Charles Morrison, knew safety, and friendship

March 30, 1993|By Scott Shane | Scott Shane,Staff Writer

Charles F. Morrison, retired director of plant operations at Church Home and Hospital and a national leader in hospital safety and maintenance, died at the hospital Friday of heart failure. He was 76.

Known as "Uncle Charlie," Mr. Morrison was a familiar figure in the restaurants and bars of Fells Point, the neighborhood where he lived alone for many years. A dining room at the Waterfront Hotel on Thames Street was named for him 13 years ago because of the number of patrons he took there.

At the Red Star, next to his Wolfe Street home, employees remembered Mr. Morrison over the weekend by setting up at his regular place at the bar a T-shirt he had made saying, "Friendship: You Can't Buy It," a drink and a pack of cigarettes.

"He was a warm, giving person," said state elections administrator Gene Raynor, owner of the hotel building and one of many political figures who knew Mr. Morrison well. Mr. Raynor said Mr. Morrison could be "cantankerous," and his outspoken manner could take people by surprise. "But once you got past the first sentence, you liked him," Mr. Raynor said.

Mr. Morrison worked at Church Home and Hospital for 26 years, 24 of them as director of plant operations, before retiring in the early 1980s, said Gil Whedbee, president of the hospital and of the associated life-care home for the elderly.

Mr. Morrison was president of the American Society for Hospital Engineering in 1979 and spoke at about 40 seminars organized by the society on fire safety and other matters. He chaired the American Hospital Association's committee on codes and safety for seven years and was the AHA's delegate to the National Fire Protection Association.

Earlier, he helped start the Chesapeake Area Society of Hospital Engineers and was its first president and secretary-treasurer.

"He was very influential nationally in hospital safety," Mr. Whedbee said. But he said Mr. Morrison also was valued in the Church Hospital community for his "sense of humor and outgoing personality. Church Home and Hospital was Charlie's family." Mr. Morrison's closest living relatives were cousins in Pennsylvania, he said.

Every Christmas, Mr.
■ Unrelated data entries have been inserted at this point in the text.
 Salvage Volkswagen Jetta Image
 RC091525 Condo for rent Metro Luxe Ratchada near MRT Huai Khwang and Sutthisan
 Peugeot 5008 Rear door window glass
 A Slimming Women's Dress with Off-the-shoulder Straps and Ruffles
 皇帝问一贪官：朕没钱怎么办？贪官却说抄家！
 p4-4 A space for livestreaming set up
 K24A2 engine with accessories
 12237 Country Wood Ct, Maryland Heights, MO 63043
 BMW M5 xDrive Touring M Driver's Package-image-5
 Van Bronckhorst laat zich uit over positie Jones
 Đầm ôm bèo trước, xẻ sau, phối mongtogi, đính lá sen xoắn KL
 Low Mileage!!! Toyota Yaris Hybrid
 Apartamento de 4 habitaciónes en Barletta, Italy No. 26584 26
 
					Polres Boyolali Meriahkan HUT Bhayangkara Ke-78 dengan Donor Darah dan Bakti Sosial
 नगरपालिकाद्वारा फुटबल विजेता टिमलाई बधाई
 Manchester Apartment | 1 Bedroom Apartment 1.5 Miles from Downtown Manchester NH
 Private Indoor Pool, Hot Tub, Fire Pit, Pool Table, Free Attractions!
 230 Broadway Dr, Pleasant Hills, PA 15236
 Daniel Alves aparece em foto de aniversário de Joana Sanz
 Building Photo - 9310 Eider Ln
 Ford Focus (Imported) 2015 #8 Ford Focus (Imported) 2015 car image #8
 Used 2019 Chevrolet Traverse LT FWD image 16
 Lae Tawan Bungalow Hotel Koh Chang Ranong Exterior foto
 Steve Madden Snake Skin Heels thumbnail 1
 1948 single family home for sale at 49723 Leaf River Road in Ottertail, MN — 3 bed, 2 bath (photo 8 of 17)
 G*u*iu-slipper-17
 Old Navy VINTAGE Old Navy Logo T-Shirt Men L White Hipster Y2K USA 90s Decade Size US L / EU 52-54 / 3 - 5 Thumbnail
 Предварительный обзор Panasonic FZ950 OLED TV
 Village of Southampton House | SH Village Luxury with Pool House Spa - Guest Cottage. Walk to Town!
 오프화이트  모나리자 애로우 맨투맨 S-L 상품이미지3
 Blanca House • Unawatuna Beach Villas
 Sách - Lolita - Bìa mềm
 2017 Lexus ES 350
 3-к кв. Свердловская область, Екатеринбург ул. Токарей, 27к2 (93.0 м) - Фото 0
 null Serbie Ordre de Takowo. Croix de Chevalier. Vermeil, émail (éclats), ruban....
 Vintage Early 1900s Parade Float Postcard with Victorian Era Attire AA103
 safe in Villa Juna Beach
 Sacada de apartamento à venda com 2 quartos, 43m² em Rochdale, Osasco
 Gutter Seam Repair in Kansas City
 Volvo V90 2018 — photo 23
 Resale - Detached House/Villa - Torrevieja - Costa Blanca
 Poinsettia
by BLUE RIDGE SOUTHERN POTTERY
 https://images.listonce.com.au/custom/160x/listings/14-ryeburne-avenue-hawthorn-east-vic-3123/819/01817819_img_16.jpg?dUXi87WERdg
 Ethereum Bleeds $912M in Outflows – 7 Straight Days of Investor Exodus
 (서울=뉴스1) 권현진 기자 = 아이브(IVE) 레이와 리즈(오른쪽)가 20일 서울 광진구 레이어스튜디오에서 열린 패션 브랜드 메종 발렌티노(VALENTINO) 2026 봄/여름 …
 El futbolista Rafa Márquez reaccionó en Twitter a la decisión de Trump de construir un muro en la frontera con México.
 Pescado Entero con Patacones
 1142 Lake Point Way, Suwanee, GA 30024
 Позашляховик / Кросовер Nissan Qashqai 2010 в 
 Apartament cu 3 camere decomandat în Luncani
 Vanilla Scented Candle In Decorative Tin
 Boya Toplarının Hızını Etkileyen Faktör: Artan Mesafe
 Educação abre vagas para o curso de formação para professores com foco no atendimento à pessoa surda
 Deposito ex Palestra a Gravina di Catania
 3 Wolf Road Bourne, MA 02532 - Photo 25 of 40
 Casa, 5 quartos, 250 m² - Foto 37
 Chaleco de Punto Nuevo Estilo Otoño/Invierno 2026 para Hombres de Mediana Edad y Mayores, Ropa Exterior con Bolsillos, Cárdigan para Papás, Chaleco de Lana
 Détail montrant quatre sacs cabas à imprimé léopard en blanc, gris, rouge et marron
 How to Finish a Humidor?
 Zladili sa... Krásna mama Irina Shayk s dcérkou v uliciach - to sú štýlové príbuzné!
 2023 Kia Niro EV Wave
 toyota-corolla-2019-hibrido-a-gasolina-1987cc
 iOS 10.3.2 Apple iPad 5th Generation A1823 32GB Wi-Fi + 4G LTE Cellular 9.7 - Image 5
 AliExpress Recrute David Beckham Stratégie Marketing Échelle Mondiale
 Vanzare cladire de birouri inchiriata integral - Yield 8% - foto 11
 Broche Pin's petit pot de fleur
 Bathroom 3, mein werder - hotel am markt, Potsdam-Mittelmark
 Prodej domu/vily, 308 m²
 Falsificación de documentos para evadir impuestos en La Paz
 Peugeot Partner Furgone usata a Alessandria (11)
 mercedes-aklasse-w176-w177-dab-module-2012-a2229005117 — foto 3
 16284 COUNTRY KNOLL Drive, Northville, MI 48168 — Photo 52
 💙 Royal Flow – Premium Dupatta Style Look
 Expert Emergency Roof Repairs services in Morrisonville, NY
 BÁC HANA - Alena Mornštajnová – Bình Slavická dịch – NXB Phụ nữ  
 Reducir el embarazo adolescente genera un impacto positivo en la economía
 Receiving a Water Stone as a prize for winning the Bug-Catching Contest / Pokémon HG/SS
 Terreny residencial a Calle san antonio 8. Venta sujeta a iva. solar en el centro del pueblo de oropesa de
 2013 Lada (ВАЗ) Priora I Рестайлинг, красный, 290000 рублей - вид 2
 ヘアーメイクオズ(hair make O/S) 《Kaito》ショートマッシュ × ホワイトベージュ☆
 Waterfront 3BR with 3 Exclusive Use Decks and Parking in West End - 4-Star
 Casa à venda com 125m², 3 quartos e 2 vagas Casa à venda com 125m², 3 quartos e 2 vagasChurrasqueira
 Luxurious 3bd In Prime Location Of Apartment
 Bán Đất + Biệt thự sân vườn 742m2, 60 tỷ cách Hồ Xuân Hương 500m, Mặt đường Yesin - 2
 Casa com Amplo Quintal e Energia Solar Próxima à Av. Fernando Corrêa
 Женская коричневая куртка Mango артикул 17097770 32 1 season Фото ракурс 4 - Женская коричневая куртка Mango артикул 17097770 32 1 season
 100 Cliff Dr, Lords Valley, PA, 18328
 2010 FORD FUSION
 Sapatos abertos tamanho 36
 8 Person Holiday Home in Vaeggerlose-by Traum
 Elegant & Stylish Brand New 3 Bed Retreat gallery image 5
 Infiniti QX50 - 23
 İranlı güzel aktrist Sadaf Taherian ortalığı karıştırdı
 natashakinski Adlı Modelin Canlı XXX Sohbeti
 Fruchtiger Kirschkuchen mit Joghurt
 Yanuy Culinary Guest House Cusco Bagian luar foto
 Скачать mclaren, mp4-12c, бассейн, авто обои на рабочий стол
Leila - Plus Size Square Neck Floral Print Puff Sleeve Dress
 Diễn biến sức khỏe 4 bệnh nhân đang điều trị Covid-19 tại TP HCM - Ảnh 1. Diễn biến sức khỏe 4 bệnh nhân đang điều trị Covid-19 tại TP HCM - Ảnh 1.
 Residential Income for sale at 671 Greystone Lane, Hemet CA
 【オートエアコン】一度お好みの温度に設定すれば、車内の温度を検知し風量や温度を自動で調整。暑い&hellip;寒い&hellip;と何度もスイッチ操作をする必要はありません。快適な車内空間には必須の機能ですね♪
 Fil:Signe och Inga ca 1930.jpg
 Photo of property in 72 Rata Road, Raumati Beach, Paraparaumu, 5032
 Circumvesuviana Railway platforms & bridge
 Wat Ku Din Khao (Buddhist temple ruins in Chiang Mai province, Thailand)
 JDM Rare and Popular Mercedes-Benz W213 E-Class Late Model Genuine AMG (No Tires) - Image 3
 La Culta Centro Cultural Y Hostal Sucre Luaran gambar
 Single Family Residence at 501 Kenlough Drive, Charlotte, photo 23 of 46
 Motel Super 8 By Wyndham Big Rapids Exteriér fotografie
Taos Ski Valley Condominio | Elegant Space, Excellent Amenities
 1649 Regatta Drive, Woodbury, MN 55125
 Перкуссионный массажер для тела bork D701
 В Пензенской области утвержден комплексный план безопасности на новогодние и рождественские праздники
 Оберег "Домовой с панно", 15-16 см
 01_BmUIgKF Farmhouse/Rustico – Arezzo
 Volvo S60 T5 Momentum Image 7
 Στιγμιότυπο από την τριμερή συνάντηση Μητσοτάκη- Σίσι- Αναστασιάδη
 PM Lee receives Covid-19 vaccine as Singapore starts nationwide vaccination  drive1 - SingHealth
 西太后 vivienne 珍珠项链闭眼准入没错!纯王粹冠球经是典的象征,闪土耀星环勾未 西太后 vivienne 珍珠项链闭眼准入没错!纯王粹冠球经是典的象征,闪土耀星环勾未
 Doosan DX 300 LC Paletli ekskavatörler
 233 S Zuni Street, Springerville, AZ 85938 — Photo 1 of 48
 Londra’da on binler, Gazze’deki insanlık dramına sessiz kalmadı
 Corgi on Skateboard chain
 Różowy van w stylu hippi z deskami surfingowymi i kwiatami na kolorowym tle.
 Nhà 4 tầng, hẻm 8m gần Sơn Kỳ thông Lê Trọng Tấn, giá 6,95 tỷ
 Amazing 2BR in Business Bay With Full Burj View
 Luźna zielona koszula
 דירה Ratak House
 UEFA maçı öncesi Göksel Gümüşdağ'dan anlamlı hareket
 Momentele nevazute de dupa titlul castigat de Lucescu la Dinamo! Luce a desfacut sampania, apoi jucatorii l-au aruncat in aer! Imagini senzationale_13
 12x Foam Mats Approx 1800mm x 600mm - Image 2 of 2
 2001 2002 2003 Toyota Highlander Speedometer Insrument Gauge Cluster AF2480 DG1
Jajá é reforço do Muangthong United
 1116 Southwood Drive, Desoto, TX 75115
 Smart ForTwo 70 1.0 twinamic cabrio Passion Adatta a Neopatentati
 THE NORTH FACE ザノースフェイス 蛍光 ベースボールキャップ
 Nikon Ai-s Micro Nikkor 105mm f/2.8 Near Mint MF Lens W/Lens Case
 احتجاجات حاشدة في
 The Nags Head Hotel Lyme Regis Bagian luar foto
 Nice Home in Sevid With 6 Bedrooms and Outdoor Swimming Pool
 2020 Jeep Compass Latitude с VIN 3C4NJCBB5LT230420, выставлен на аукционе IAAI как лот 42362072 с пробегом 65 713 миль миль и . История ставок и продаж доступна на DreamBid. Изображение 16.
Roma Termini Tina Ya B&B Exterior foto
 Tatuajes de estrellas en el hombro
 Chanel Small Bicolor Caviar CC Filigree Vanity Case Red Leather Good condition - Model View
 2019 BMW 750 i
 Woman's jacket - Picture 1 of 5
Morrison came up with an unusual gift for close friends, Mr. Whedbee said. One year it was a T-shirt with a picture of one of his dogs, Buddy. In other years, it would be a signed print of a painting he had commissioned of Fells Point or the harbor, he said.

Born in Brunswick, Mr. Morrison grew up in Pennsylvania and worked for the Baltimore and Ohio railroad for several years. As a young man he was active in scouting, volunteering as a scoutmaster and Explorer adviser.

He served on the state Board of Boiler Rules, was a past president of the Midtown Optimist Club, a board member of the Paint and Powder Club, honorary fire chief of the Baltimore Fire Department and adviser to the Salvation Army Boys Club, which had honored him with its Back-A-Boy Award.

A memorial service will be held at Church Home and Hospital, South Broadway and Fayette streets, at 4 p.m. Thursday -- which would have been Mr. Morrison's 77th birthday.

"He always said he was born on April Fool's Day and would probably think it appropriate," Mr. Whedbee said.

Friends suggested donations to Church Home and Hospital.